O ministro Alexandre de Moraes, do Supremo Tribunal Federal (STF), está no centro de uma polêmica que envolve o Banco Master e denúncias de uma suposta interferência em favor da instituição financeira. Uma reportagem divulgada pelo jornal O Globo na última segunda-feira (22) trouxe à tona uma série de encontros e ligações que Moraes teria feito com o presidente do Banco Central (BC), Gabriel Galípolo, para ajudar o banco de Daniel Vorcaro.
De acordo com a matéria, Moraes teria falado com Galípolo pelo menos quatro vezes — três por telefone e uma em uma reunião cara a cara. O objetivo seria pressionar para que a venda de créditos do Banco Master para o Banco de Brasília (BRB) fosse aprovada. O ministro teria expressado que tinha uma "apreciação pessoal" por Daniel Vorcaro e que, em sua visão, o Banco Master estava sofrendo uma "perseguição" dos bancos maiores por estar crescendo no mercado.
Fraude Bilionária Descoberta pelo Banco Central
A situação tomou um rumo inesperado quando Gabriel Galípolo deu uma resposta técnica às investidas de Moraes. Ele informou ao ministro que as equipes do Banco Central tinham descoberto uma fraude gigantesca: nada menos que R$ 12,2 bilhões no repasse de créditos do Banco Master para o banco estatal de Brasília. Diante dessa bomba, Alexandre de Moraes teria voltado atrás, afirmando que, se as irregularidades fossem realmente confirmadas, o negócio não deveria ir para frente.
O desfecho para o Banco Master foi rápido e drástico. Em 18 de novembro, a Polícia Federal (PF) prendeu Daniel Vorcaro e outros executivos na Operação Compliance Zero. Pouco tempo depois, o próprio Banco Central decretou a liquidação extrajudicial da instituição, colocando um ponto final nas operações do Banco Master.
Contrato Milionário da Esposa de Moraes Agrava a Situação
Um detalhe que adiciona uma camada de complexidade e levanta questões sobre conflito de interesses é a revelação de que o escritório de advocacia de Viviane Barci de Moraes, esposa do ministro, tinha um contrato muito valioso com o Banco Master.

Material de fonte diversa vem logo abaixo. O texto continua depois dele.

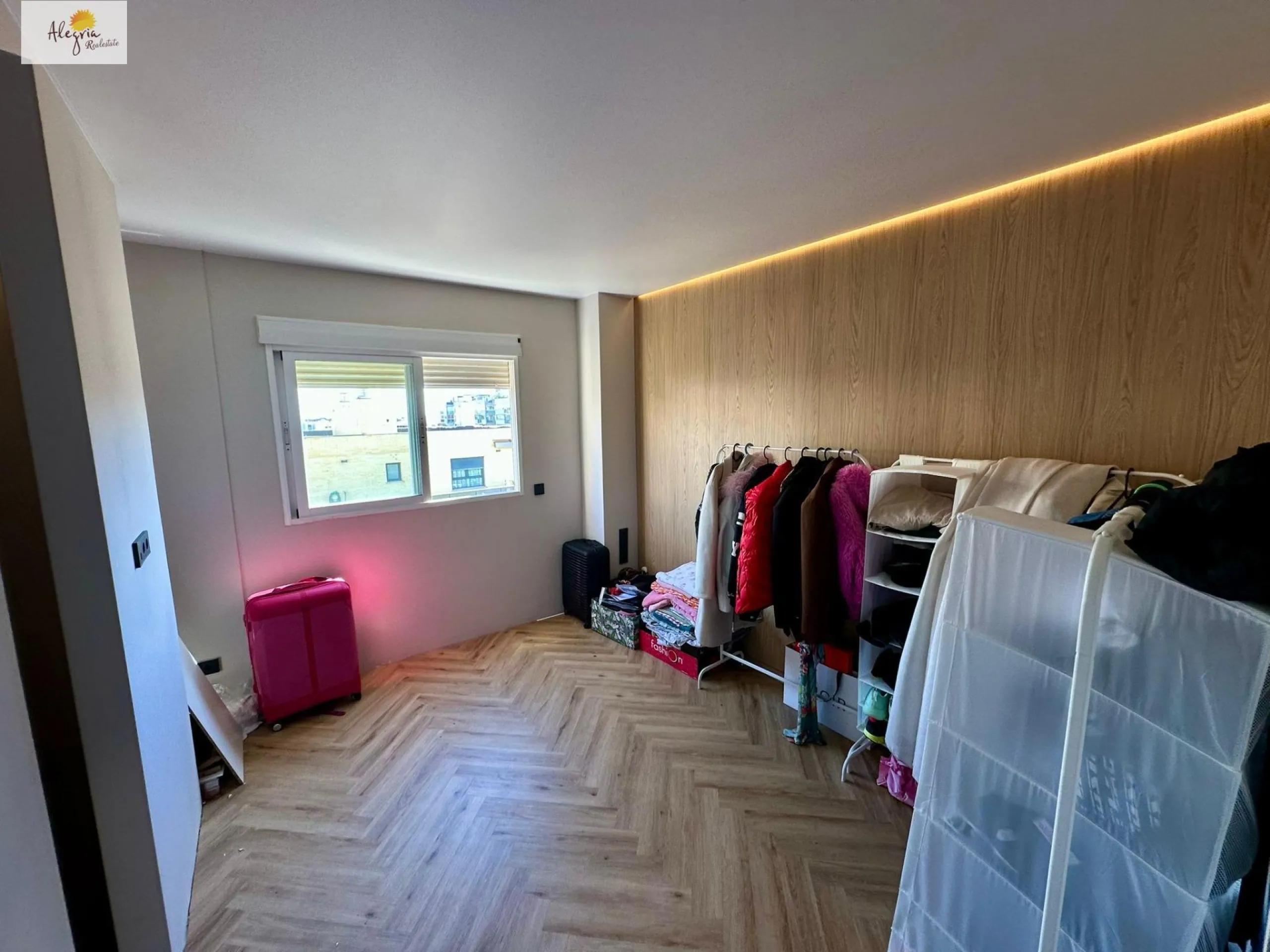 !!! EXCLUSIVO PAISAJISTICO Y REFORMADO PISO EN VALTERNA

O acordo previa pagamentos mensais de R$ 3,6 milhões por três anos, somando um total impressionante de aproximadamente R$ 130 milhões.
O contrato indicava que o escritório deveria representar os interesses do Banco Master e de seu dono junto a órgãos importantes como o Banco Central, o Conselho Administrativo de Defesa Econômica (Cade) e a Receita Federal. No entanto, documentos oficiais conseguidos através da Lei de Acesso à Informação (LAI) mostraram que o escritório de Viviane Barci de Moraes não fez nenhum pedido de reunião ou protocolou documentos em nome do Banco Master nessas instituições. Isso levanta dúvidas sobre a efetiva prestação dos serviços pelo valor milionário.

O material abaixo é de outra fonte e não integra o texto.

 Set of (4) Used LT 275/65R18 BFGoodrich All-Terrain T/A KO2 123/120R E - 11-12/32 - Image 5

Moraes Nega Pressão e Caso Segue no STF e TCU
Em resposta a todas essas publicações, o ministro Alexandre de Moraes divulgou uma nota oficial na terça-feira (23), onde negou com veemência qualquer tipo de pressão em favor do Banco Master. Ele afirmou que os encontros com Gabriel Galípolo discutiram apenas as consequências da Lei Magnitsky, uma lei de sanções dos Estados Unidos, e seus efeitos no sistema bancário brasileiro, como a manutenção de contas e cartões de crédito. A nota do ministro, contudo, não mencionou as acusações específicas sobre Daniel Vorcaro ou as supostas intervenções diretas relatadas por fontes do Banco Central.
Enquanto as versões se chocam, o caso ganhou um novo capítulo no Supremo Tribunal Federal. O ministro Dias Toffoli assumiu a responsabilidade pelo processo e decretou sigilo total nas investigações. Ele deu um prazo de 30 dias para a Polícia Federal colher depoimentos, que serão acompanhados de perto por seu gabinete.
Gabriel Galípolo, presidente do Banco Central, aproveitou uma coletiva de imprensa para reforçar que o BC documentou cada reunião e troca de mensagens sobre o assunto. Ele se colocou à disposição para dar todos os esclarecimentos necessários ao STF. No Tribunal de Contas da União (TCU), o ministro Jhonatan de Jesus também entrou em campo, exigindo que o Banco Central envie explicações detalhadas sobre todo o processo de liquidação do Banco Master até a próxima terça-feira.
O cenário é de incerteza e aguarda os próximos desdobramentos das investigações, que prometem ser intensas e minuciosas.